Laszlo Csatary was found guilty in absentia in 1948 of whipping or torturing Jews and helping to deport them to the death camp while serving as police commander in the Nazi-occupied eastern Slovak city of Kosice in 1944.
The Hungarian was sentenced to death and lived on the run for decades until Hungarian authorities detained him and put him under house arrest in Budapest in July last year. He has denied any guilt.
June 2013
A top commander of a Nazi SS-led unit accused of burning villages filled with women and children lied to American immigration officials to get into the United States and has been living in Minnesota since shortly after World War II, according to evidence uncovered by The Associated Press.
Michael Karkoc, 94, told American authorities in 1949 that he had performed no military service during World War II, concealing his work as an officer and founding member of the SS-led Ukrainian Self Defense Legion and later as an officer in the SS Galician Division, according to records obtained by the AP through a Freedom of Information Act request. The Galician Division and a Ukrainian nationalist organization he served in were both on a secret American government blacklist of organizations whose members were forbidden from entering the United States at the time.
The U.S. government has recovered 400 pages from the long-lost diary of Alfred Rosenberg, a confidante of Adolf Hitler who played a central role in the extermination of millions of Jews and others during World War II.
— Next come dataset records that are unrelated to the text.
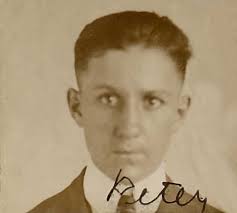 Pierre Sylvester “Peter” Becnel (1904-1974)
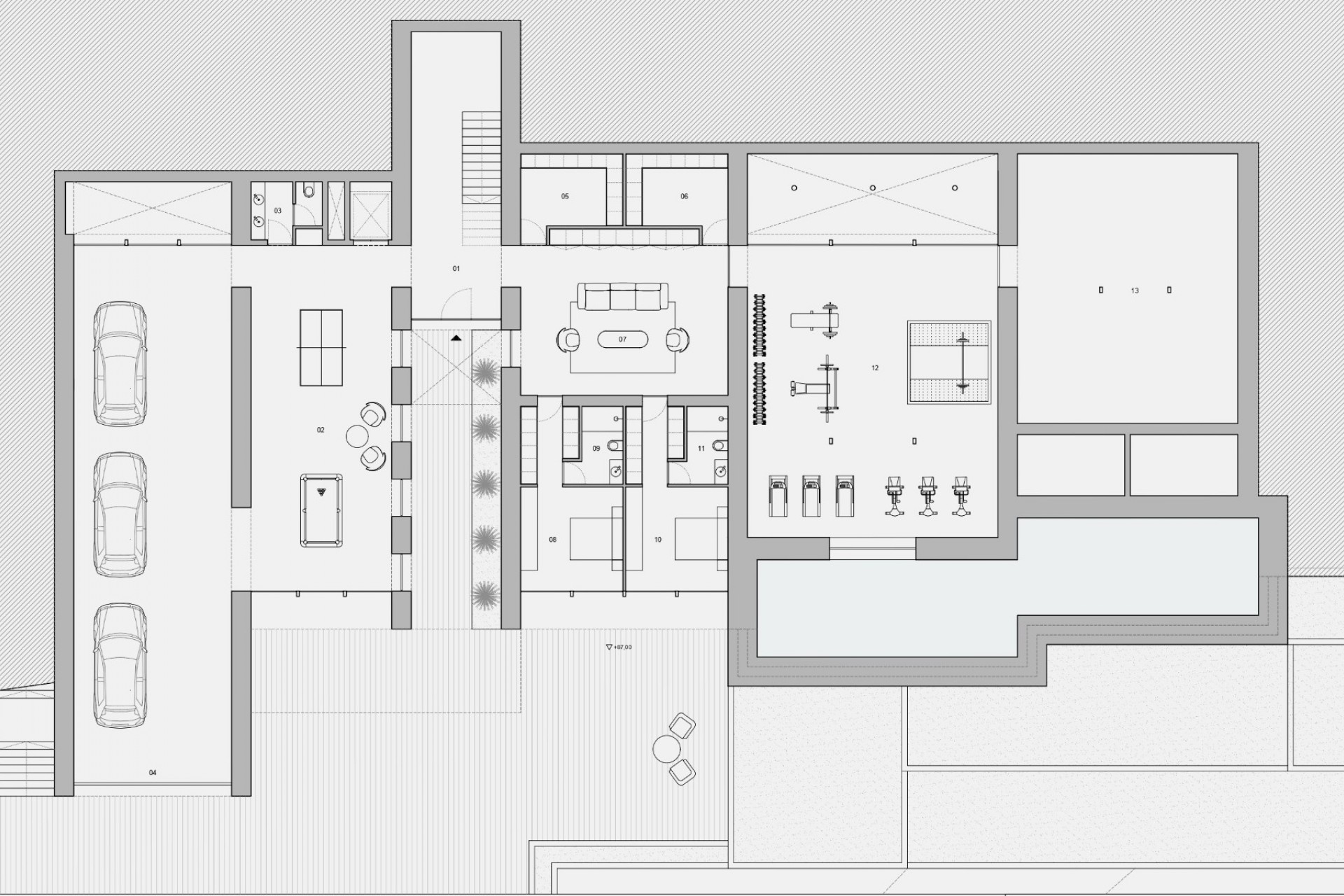 Neubau - Villa -
Moraira - Fanadix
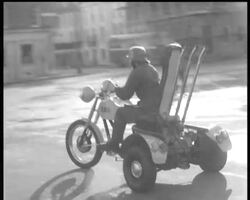 MOTOR TRIBIKE News Clip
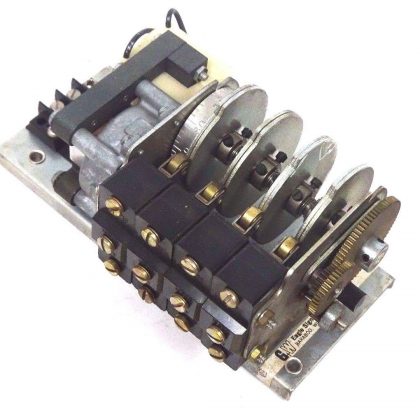 NEW EAGLE SIGNAL MP4A60B ELECTRIC REPEAT CYCLE CAM TIMER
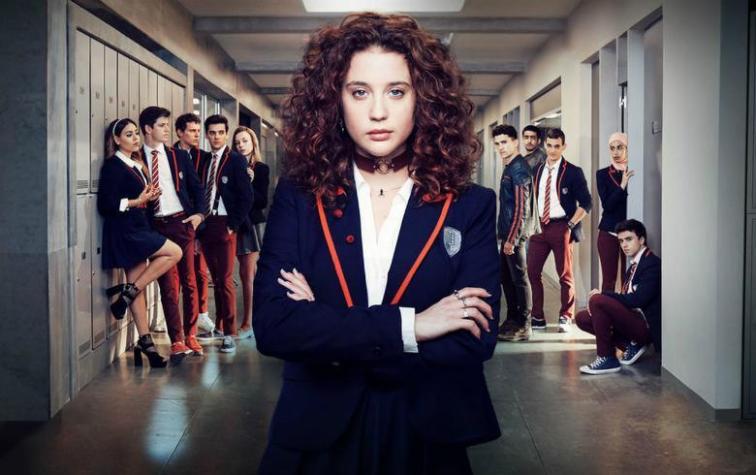 5 cosas que no sabías de “Élite”, la serie del momento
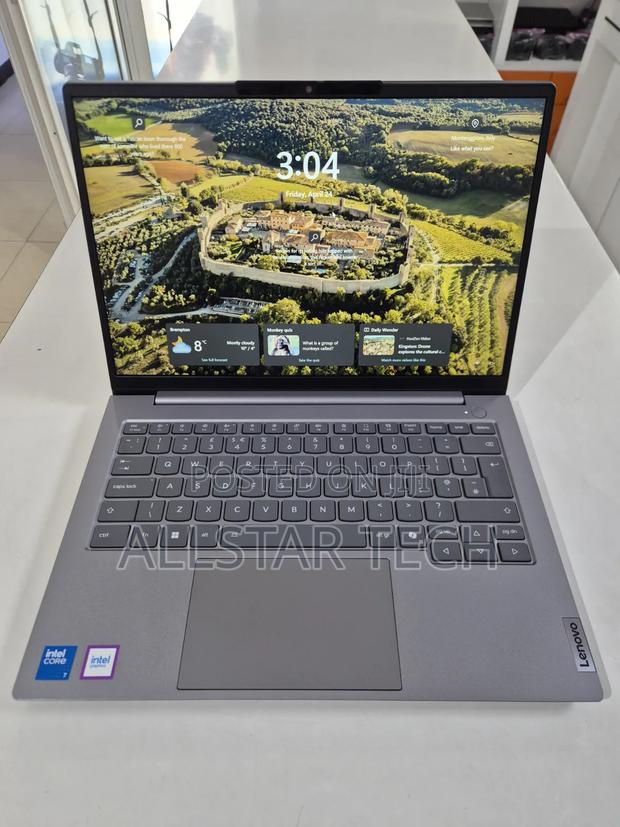 Laptop Lenovo Thinkbook 14 16GB Intel Core 7 SSD 1T - main view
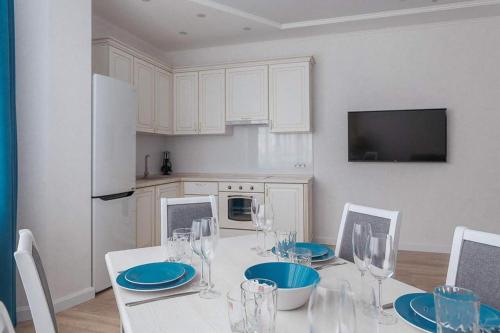 2nd Pearl Sea View Apartment — 4-Star Luxury Hotel in Odessa, Ukraine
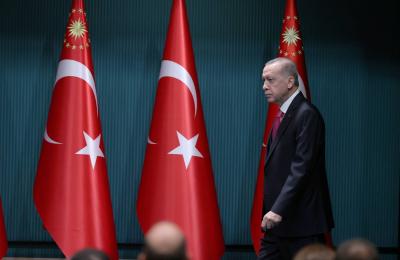 Arrest of 33 "ISIS Members" in Turkey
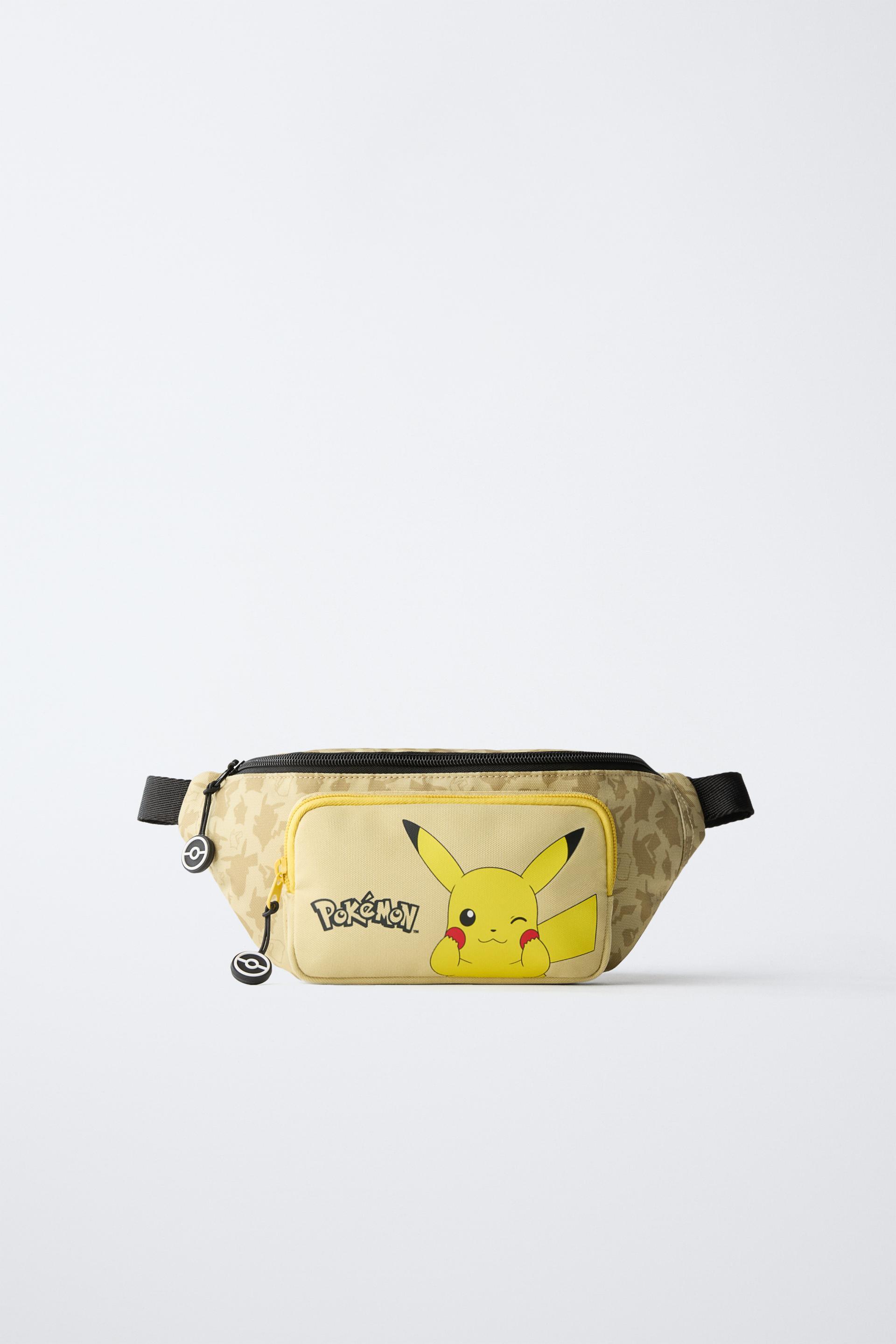 PIKACHU POKÉMON ™ BELT BAG by ZARA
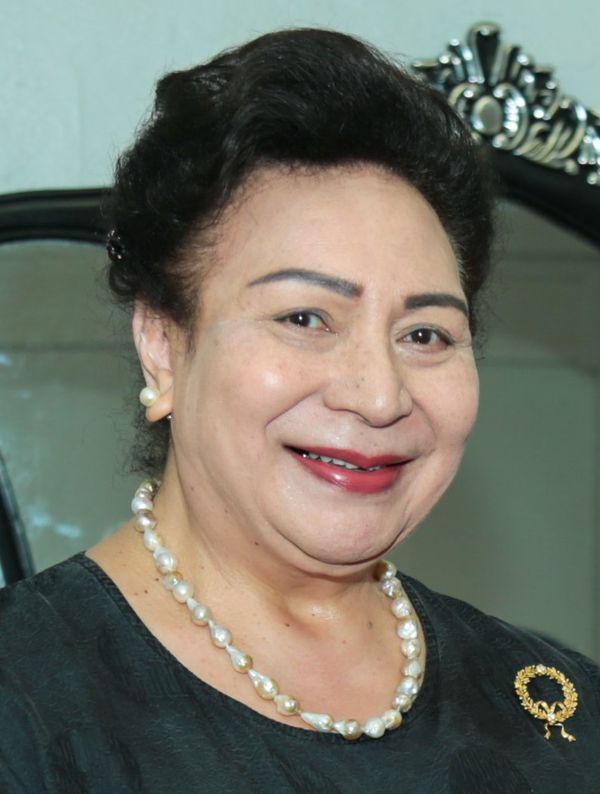 Princess Sālote Mafile’o Pilolevu, Princess Royal of Tonga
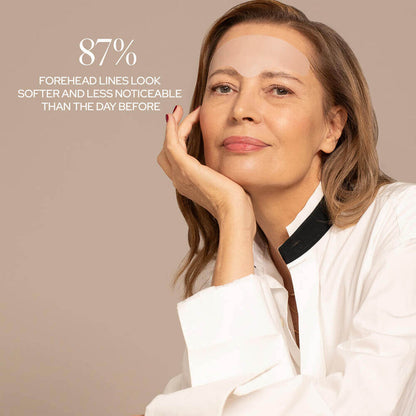 SmoothLift Forehead Patches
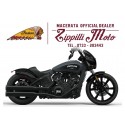 INDIAN SCOUT ROGUE STEALTH GREY WITH GRAPHIC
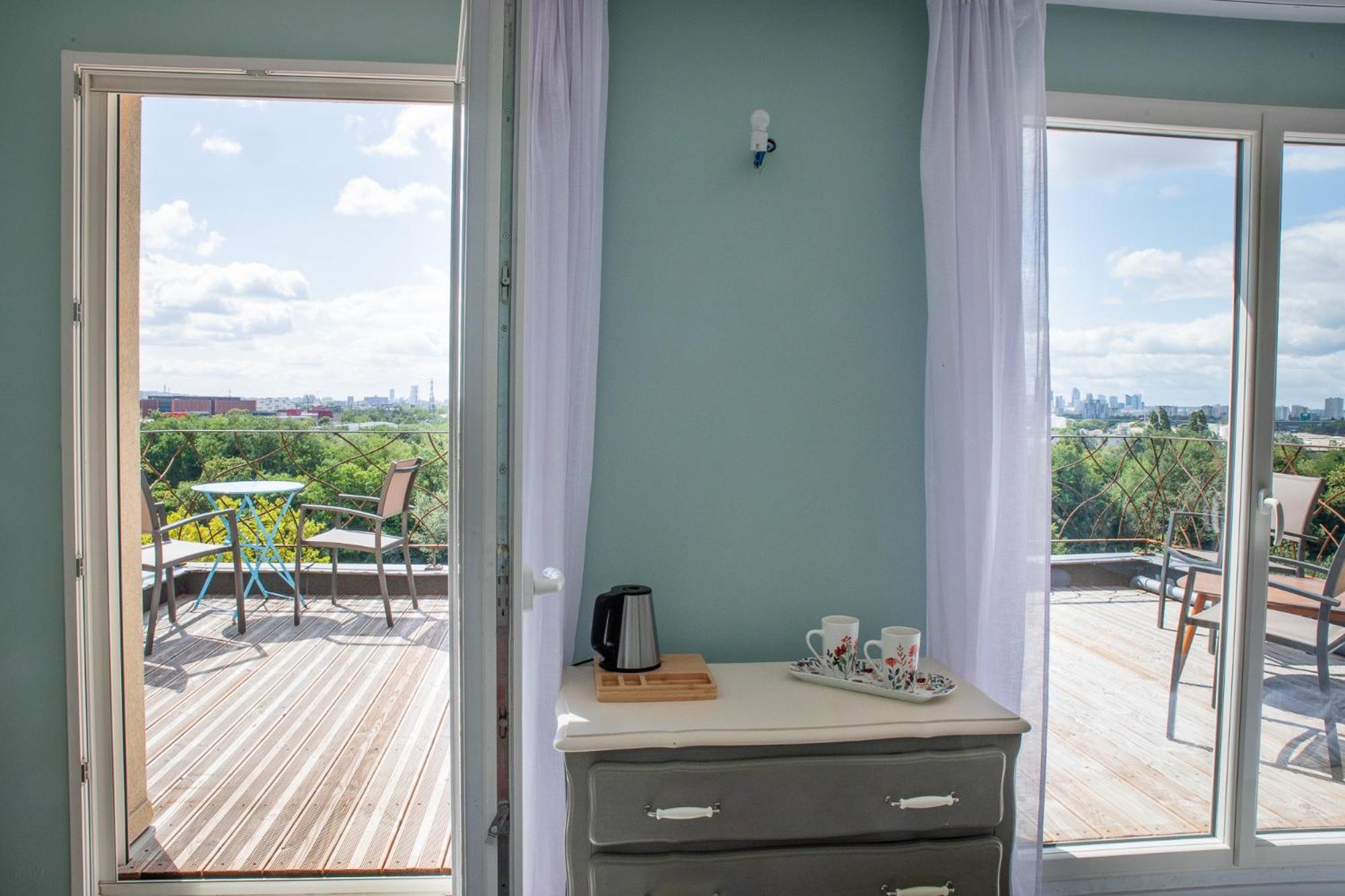 L'Atelier Sur Seine Épinay-sur-Seine Quarto foto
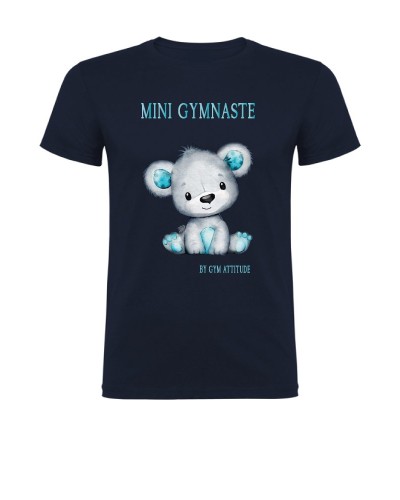 Tshirt bleu marine Koala G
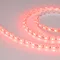 Минифото #3 товара Светодиодная лента RTW 2-5000SE 12V Red 2x (5060, 300 LED, LUX) (Arlight, 14.4 Вт/м, IP65)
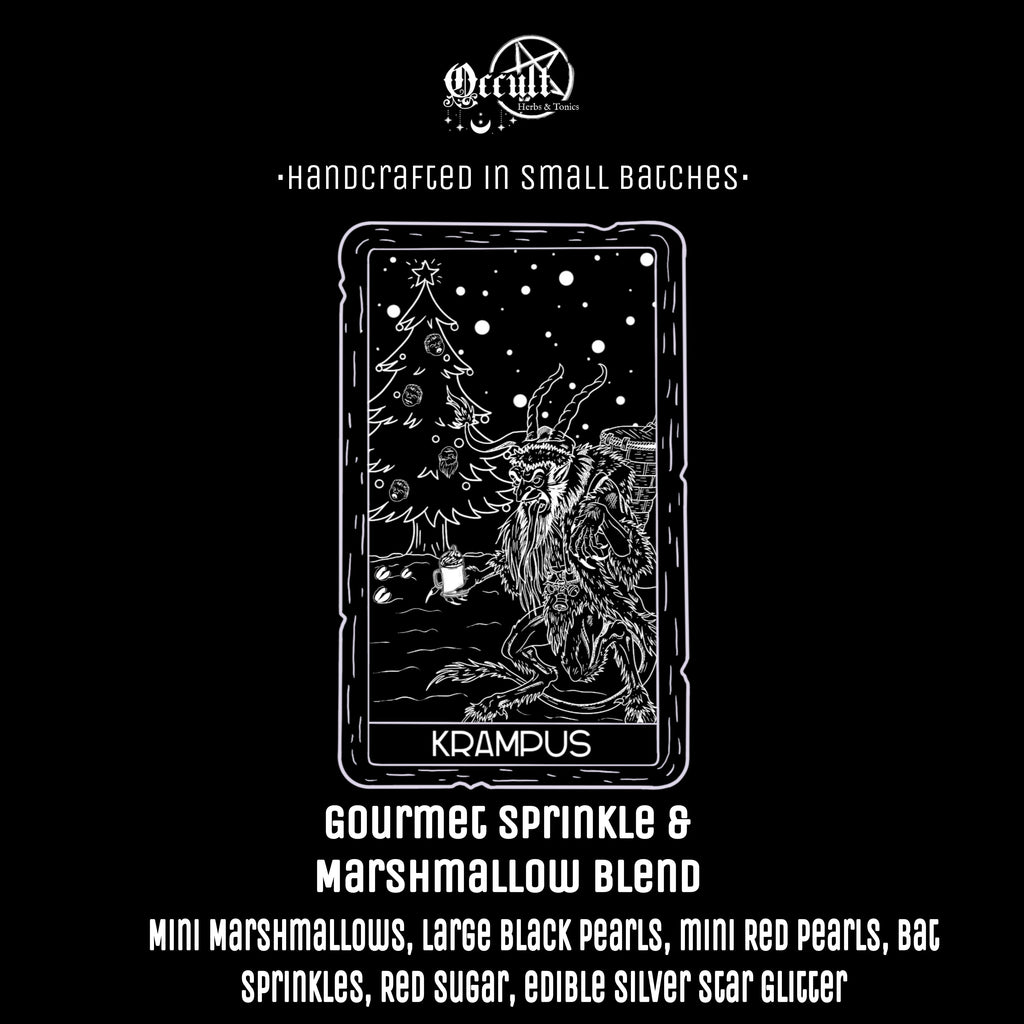 Krampus Cocoa - Blackthorn 31
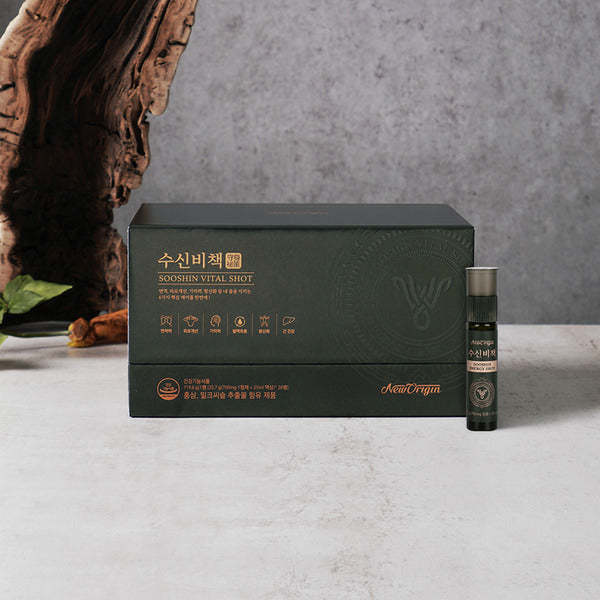 Finite Healthy Living New Origin Receipt Plan 1 Box 4 Weeks/Rhubarb+Ginseng+Milkvetch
“The documentation is of considerable importance for the study of the Nazi era, including the history of the Holocaust,” said the assessment, prepared by the United States Holocaust Memorial Museum in Washington. “A cursory content analysis indicates that the material sheds new light on a number of important issues relating to the Third Reich’s policy. The diary will be an important source of information to historians that compliments, and in part contradicts, already known documentation.”